China’s restricted identification space in the northern Pacific brings the country into direct confrontation with Japan and the USA, who have chosen to ignore the Chinese diktat by flying large planes over the so-called ‘exclusion zone’. This style of engagement possibly reminds the Chinese of the gunboat diplomacy of the nineteenth century when China lost Hong Kong and Macau to the British and the Portuguese respectively. At that time around the mid-19th century, Japan was forced, by use of an American naval fleet, to open to the USA. During that time Japan and China had to face flotillas from Western nations, and were on the losing side. This time there are gunboats with all the nations involved. Both China and Japan have modern naval ships. One by-product of the decision made by the United States is an agreement between Japan and South Korea to be on the same side. In a sense it is an evenly matched situation, but one which could go out of hand if not delicately handled.
For example, in the northern exclusion zone, Japan has traditionally been the guardian of the Ryukyu island chain which lies between Japan and Taiwan.

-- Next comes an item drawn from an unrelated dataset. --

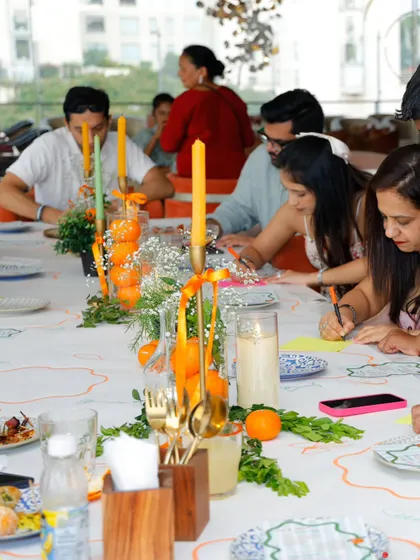 Guests enjoyed an interactive element at the baby shower, coloring in designs on the custom paper tablecloth while they chatted and celebrated the parents-to-be.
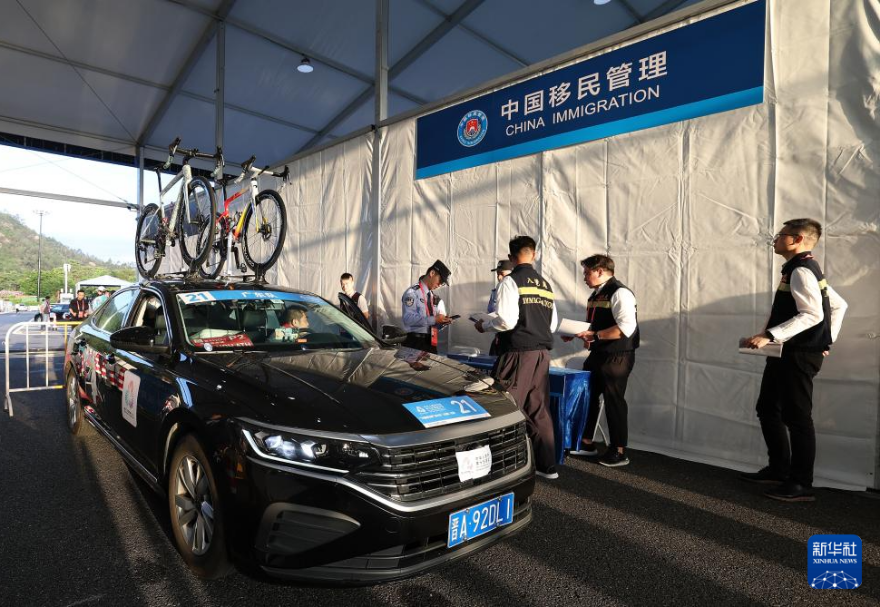 公路自行車賽涉賽車輛、物資都采用“前置查驗+閉環管理”監管模式。參賽團隊提前報審形成“白名單”，在運動隊啟動之前進行核檢，確保涉賽車輛、物資能在三地暢通無阻。圖為公路自行車男子個人賽參賽代表團在前置安檢區安檢。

The other exclusion zone lies in Southeast Asia where numerous islands are claimed by China and by several Southeast Asian nations. Part of the blame might have to be lain at the feet of Western geographers. The southern zone lies in what European cartographers of the eighteenth and nineteenth centuries denominated as the ‘South China Sea’.
The argument that whichever islands lie in the South China Sea are Chinese, has as much validity as saying that whichever lands lie in the Indian Ocean belong to India. China has recently warned the Philippines against asserting its rights in this maritime area. The most important group of islands in this area is called the Spratlys.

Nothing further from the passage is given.